Some of the spending reductions Rell mentioned in the budget proposal include flat funding municipal grants to save about $500 million each year, increasing the retirement age for state employees and asking the state employee unions for more furloughs and wage freezes to save $825 million in the first year and $925 million in the second year of the biennium. The document also suggests eliminating $750 million each year in tax exemptions, but doesn’t specify which of the $5 billion in exemptions would be eliminated. Rell’s proposal also suggests eliminating all the legislative commissions, the Office of the Health Care Advocate, the central Connecticut State University office, and the Office of the Child Advocate to save a total of $50 million over two years.

An asterisk at the bottom of the page says most of the recommendations will need legislative approval and it’s fair to say most were unpopular when presented last year.

“This is very useful information,” in building a Malloy budget, Bannon said. He thanked Rell’s administration for working with them during the transition period.
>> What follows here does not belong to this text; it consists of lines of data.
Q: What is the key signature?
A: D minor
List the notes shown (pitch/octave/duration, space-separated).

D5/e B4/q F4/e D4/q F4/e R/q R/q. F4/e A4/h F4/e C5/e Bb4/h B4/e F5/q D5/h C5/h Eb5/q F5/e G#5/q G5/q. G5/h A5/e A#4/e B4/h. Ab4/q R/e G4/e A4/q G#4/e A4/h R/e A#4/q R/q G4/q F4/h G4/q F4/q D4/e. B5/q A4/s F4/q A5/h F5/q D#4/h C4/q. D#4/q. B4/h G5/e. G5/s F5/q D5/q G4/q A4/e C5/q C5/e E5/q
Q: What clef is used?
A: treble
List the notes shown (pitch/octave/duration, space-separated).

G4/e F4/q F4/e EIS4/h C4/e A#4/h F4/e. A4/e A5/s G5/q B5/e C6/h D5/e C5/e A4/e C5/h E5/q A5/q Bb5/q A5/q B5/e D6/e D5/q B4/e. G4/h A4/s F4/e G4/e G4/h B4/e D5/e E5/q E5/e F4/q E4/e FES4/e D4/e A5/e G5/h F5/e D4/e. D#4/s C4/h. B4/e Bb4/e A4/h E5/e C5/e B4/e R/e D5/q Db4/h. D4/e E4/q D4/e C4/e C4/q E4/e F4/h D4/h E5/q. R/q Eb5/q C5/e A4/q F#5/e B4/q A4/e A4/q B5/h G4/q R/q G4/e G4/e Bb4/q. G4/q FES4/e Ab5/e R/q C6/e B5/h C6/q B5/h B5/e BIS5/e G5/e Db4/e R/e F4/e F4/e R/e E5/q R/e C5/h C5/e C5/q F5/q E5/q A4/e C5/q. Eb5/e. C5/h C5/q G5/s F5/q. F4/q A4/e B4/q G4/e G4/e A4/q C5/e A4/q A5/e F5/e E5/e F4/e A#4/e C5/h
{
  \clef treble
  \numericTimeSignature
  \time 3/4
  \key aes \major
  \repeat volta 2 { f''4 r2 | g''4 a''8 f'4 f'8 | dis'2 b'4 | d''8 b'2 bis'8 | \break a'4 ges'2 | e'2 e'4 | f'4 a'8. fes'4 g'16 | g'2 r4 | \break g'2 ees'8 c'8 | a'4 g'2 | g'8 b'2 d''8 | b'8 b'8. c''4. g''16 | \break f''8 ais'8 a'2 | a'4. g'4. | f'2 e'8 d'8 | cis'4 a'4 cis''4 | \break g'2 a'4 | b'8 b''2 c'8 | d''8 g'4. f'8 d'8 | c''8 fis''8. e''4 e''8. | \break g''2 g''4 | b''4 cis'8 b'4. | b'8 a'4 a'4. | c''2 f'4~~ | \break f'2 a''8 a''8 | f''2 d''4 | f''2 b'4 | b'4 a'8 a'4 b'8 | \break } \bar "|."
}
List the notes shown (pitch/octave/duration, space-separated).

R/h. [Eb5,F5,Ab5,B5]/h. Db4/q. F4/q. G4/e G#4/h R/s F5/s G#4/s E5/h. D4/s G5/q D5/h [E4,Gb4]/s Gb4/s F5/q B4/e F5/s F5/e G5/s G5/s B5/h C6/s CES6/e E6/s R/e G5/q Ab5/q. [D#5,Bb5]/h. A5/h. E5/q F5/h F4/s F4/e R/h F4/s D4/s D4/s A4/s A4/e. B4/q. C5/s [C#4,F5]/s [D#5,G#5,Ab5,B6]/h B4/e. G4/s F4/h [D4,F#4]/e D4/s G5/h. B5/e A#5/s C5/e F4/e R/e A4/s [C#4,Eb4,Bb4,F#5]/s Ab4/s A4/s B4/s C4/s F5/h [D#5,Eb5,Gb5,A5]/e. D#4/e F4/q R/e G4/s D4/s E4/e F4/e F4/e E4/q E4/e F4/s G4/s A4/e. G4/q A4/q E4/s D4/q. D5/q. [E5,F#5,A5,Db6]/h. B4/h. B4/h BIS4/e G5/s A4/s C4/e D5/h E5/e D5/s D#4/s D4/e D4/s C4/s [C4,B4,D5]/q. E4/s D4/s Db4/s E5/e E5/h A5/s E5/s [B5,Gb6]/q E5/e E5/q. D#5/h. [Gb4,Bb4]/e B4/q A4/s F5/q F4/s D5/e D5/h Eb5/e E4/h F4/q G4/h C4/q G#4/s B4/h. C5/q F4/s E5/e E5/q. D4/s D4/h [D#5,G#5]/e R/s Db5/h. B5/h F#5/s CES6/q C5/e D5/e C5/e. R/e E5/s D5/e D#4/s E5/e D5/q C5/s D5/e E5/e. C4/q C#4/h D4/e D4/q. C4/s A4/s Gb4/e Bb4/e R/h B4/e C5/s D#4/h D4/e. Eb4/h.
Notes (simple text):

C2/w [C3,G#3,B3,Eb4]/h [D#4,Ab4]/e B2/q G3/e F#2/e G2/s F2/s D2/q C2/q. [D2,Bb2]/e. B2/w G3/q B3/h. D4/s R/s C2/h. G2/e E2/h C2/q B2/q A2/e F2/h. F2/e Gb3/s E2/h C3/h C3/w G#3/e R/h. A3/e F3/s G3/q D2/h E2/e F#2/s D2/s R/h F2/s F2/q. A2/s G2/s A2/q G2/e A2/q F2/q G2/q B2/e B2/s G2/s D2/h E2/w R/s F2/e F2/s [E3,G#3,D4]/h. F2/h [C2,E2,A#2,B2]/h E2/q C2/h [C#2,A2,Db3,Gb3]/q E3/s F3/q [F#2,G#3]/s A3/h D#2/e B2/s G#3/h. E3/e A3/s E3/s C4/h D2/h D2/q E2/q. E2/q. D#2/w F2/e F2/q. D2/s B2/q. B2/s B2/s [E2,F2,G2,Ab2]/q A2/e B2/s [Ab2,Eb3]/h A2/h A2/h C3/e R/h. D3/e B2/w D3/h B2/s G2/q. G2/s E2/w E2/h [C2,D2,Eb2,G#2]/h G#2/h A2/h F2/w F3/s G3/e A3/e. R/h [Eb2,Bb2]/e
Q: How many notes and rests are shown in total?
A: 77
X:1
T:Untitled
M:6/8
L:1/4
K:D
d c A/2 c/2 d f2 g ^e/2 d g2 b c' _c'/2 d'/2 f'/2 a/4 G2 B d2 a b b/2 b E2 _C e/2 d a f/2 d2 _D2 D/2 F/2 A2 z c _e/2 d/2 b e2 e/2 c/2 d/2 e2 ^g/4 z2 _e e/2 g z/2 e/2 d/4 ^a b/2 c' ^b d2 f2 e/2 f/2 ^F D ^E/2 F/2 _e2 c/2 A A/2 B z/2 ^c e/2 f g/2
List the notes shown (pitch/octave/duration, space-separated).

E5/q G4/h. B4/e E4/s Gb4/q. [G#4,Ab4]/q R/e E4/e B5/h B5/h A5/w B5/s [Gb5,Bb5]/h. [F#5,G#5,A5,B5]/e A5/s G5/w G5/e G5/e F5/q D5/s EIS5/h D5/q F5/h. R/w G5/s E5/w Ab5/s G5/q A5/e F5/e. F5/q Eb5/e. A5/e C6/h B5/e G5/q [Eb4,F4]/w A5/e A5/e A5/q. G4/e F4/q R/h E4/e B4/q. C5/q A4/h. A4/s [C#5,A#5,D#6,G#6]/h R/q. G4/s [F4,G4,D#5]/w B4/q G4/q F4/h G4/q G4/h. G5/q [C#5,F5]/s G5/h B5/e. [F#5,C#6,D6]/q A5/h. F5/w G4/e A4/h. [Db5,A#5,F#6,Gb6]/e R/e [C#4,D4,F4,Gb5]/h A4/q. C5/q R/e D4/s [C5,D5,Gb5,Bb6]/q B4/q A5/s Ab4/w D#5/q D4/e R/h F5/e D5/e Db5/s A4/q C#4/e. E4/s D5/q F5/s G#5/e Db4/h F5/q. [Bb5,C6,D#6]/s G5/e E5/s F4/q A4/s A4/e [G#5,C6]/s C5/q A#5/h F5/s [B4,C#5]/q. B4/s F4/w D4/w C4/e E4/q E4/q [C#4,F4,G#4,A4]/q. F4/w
“We will take a close look at the material provided by Governor Rell as we put together our own budget for submission to the General Assembly in February 2011,” Malloy said in a statement. “That budget will be honest, clear, fair and balanced. It will be a tough budget, to be sure.”

Before Bannon received the budget document Monday at a 45-minute meeting with Rell officials, Rell met with Republican lawmakers to talk about the budget document.

Senate Minority Leader John McKinney said basically Rell presented Bannon and Malloy with a current services budget to show “if we simply fund just what we had last year we have a significant problem.” He said if it’s not balanced either with spending cuts or tax increases the first year of the biennium goes over the constitutional spending cap by $1.3 billion and the second year goes over by about $1.6 billion. There’s also a spending increase of 10.4 percent in 2012 and 3.6 percent in 2013 built into delivering the current services in Rell’s proposal.

McKinney defended Rell’s decision to offer a menu of revenue enhancements and spending cuts instead of trying to impose her agenda on the incoming administration. He said privatization of social services and agency consolidations were just a few of the measures suggested. McKinney recalled that former Gov. Lowell P. Weicker handed former Gov. John G. Rowland over a complete budget document, but that former Gov. Bill O’Neill handed over something similar to the document Rell presented Malloy’s administration Monday.

Without its own budget director named yet, Bannon said the Malloy team will begin to analyze the information. Pressed about the how far along they are in naming a person to the position Bannon said “there’s no deadline for that.”

“We would like to identify a budget director designate, but we are going to do that when we’ve got exactly the right person in mind,” Bannon said.